Susan Bennett Tucker
Pottery
I grew up in Georgia and North Carolina, where my first encounters with clay were native clays, which my sisters and I dug from creek banks to make tea sets and small animal sculptures.
My formal ceramics studies began at Georgia State University in Atlanta, where I studied hand building, potter’s wheel, and glaze chemistry, continuing to work with Georgia red clay. In 1977, I completed a BFA degree in Ceramics at Augusta College in Augusta, Georgia, where I worked with porcelain and stoneware clays and fired in gas reduction and salt kilns. In 1980, I completed an MFA degree in Ceramics at the University of North Texas, Denton, working with sculpture, smoke firing, and wood firing kilns.
While teaching ceramics full-time for many years, I continued my own artistic work in clay, cycling back and forth between functional pottery and sculpture.

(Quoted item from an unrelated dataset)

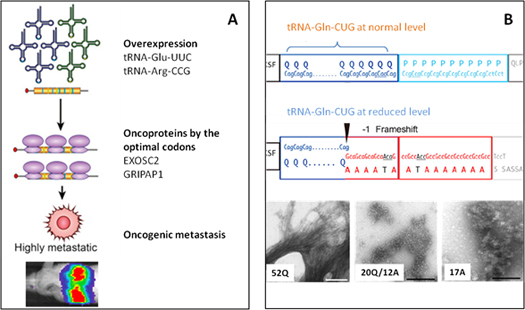 tRNA_fig3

In 2009, I retired from 27 years of teaching ceramics at Plymouth State University in New Hampshire.
My studio at home, built in 2009, accommodates my expanded pursuit of the functional forms of pottery in stoneware and porcelain. I make my own glazes and fire the glazed work in a gas-fired kiln. What continues to attract me to functional pottery is that it is made by hands, and it is made to be touched and used by human hands. I enjoy that the forms are “purposeful” and I want them to be inviting to handle and successful and satisfying to use. While the forms need to be strong to be functional, I want them to have an original spirit, with glaze and textural elements adding color and visual interest.